The Alliance team was honored to attend the 2022 National Tribal & Indigenous Climate Conference, hosted by the Institute of Tribal Environmental Professionals in Saint Paul, Minnesota. Speakers from Tribal nations and Indigenous communities across North America and the world shared knowledge about Tribal science, Traditional Knowledge, education, collaboration, adaptation, and resilience.

The Climate Science Alliance team learned so much in just a few days during this year’s National Tribal & Indigenous Climate Conference (NTICC), hosted by our partners at the Institute for Tribal Environmental Professionals (ITEP). Speakers from all over the world gathered in-person and virtually from August 29 through September 2nd to share knowledge(s) on a huge variety of topics, from cultural burning and coastal resilience practices to Indigenous food sovereignty and intergenerational education, and more.

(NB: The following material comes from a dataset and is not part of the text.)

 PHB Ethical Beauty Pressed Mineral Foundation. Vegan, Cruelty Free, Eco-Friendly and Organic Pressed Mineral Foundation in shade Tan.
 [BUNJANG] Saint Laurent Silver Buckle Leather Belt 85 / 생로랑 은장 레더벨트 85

Attendees also had the opportunity to go on field trips to the Indigenous Food Lab in Minneapolis and to the Lower Phalen Creek Project in Saint Paul.

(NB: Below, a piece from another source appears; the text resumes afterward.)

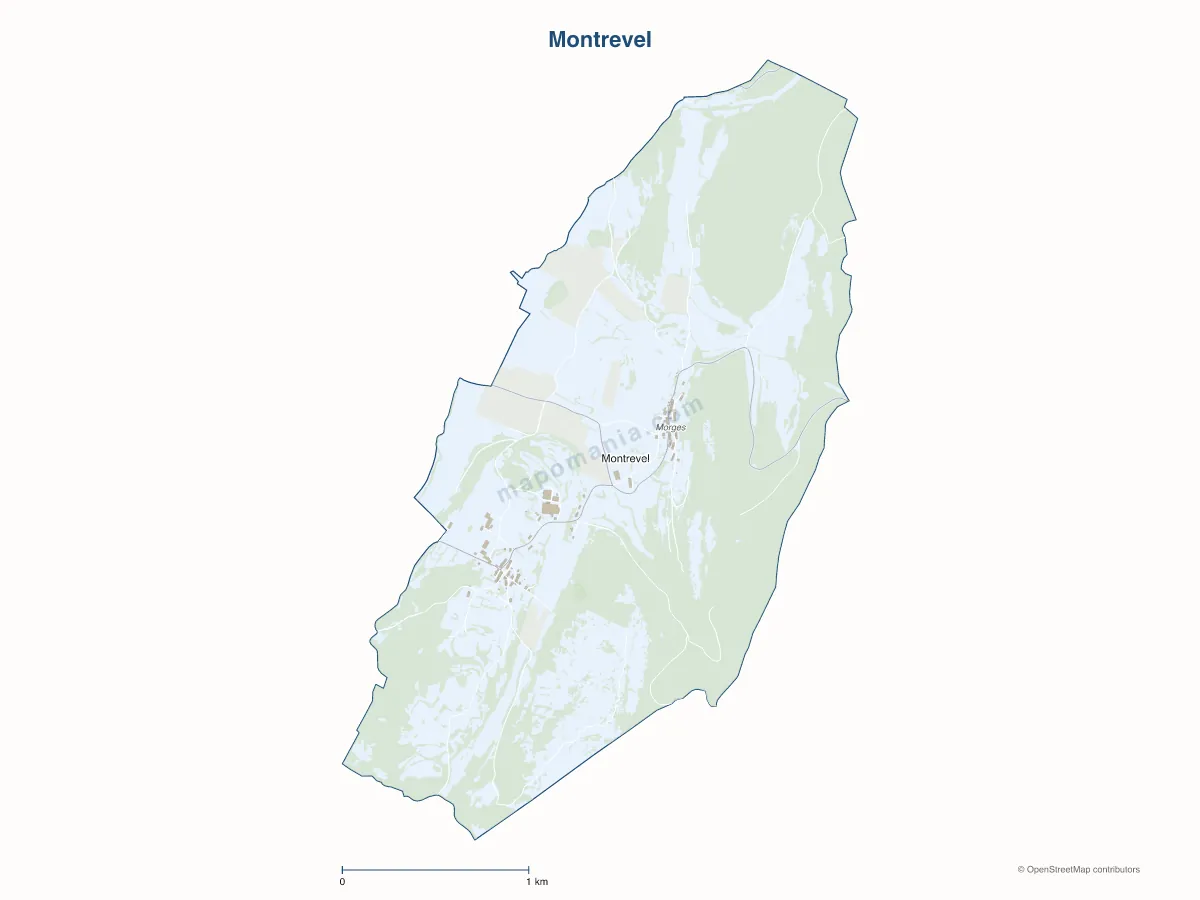 Carte de Montrevel à personnaliser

Climate Science Alliance Co-Director and Community Resilience Lead Althea Walker and Tribal Capacities and Partnerships Program Manager Will Madrigal Jr. gave a presentation on the framework of our Tribal Working Group in a session on cultivating collaborations.

At the Climate Cafe session, team members Diane Terry, Audrey Carver, and Nizhoni Tallas shared resources with conference attendees including the quilt made from reflections of the 2022 Southwestern Tribal Climate Change Summit (SWTCCS).

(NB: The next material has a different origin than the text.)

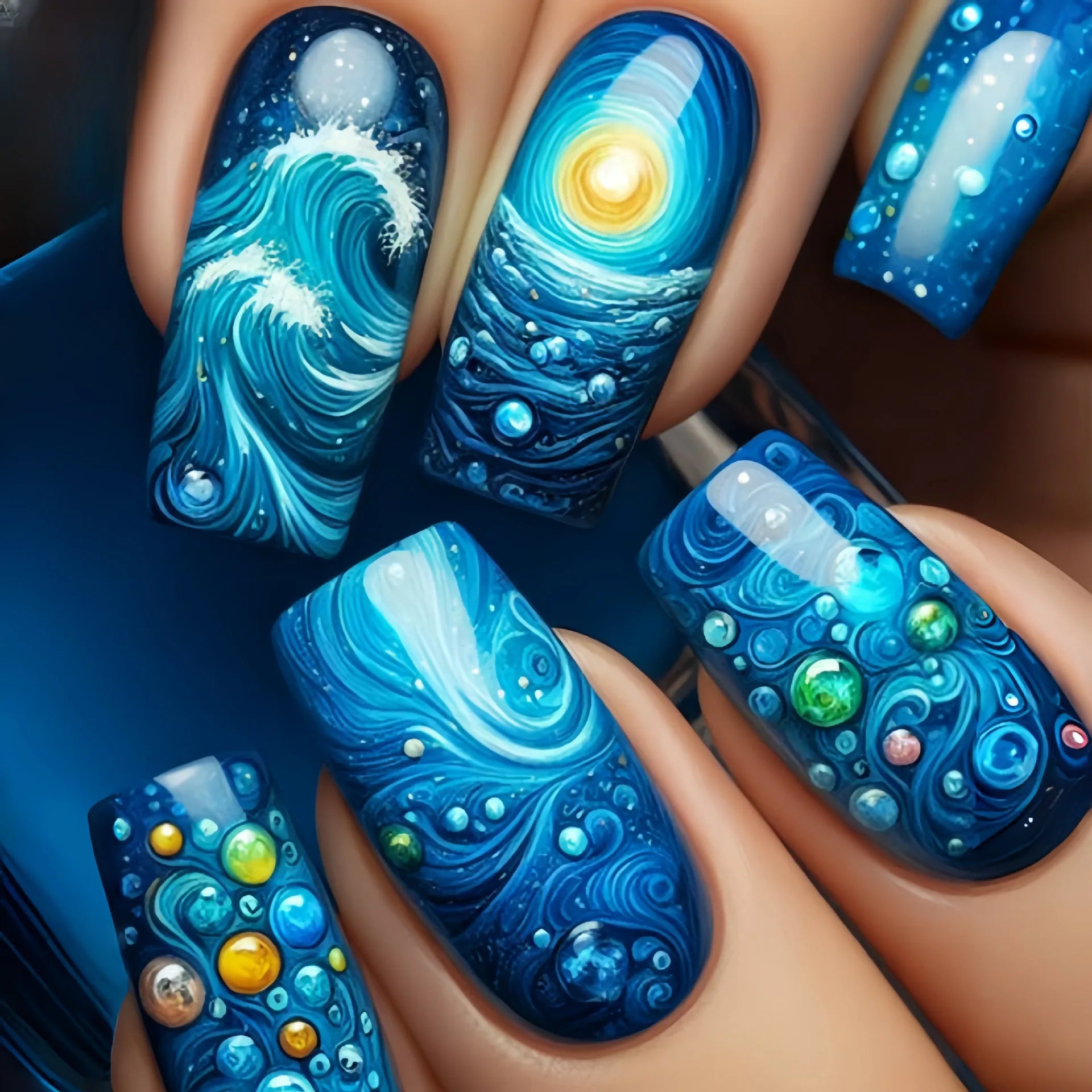 24Pcs Long Blue Fake Press on Nails with Jelly Glue - Full Cover Acrylic Nails in Ocean Sunrise Design - Detachable Fashion Manicure for Women - Perfect for Parties, Weddings & Daily Wear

In addition, they also shared examples of Tribal Resilience Projects from our region including the the La Jolla Band of Luiseño Indians’ 2019 Climate Adaptation Plan and the Manzanita Band of the Kumeyaay Nation’s Tribal Resilience Project. Nizhoni presented her poster on her reflections as the Climate Science Alliance’s Climate Resilience Intern, made possible with sponsorship by ITEP, in which she described her contributions to the Tribal Working Group, Resilient Restoration project, and the 2022 SWTCCS and multiple community events.

A huge thank you to the ITEP team for an incredible conference, and to the Dakota and Ojibwe peoples, upon whose ancestral homeland the conference took place.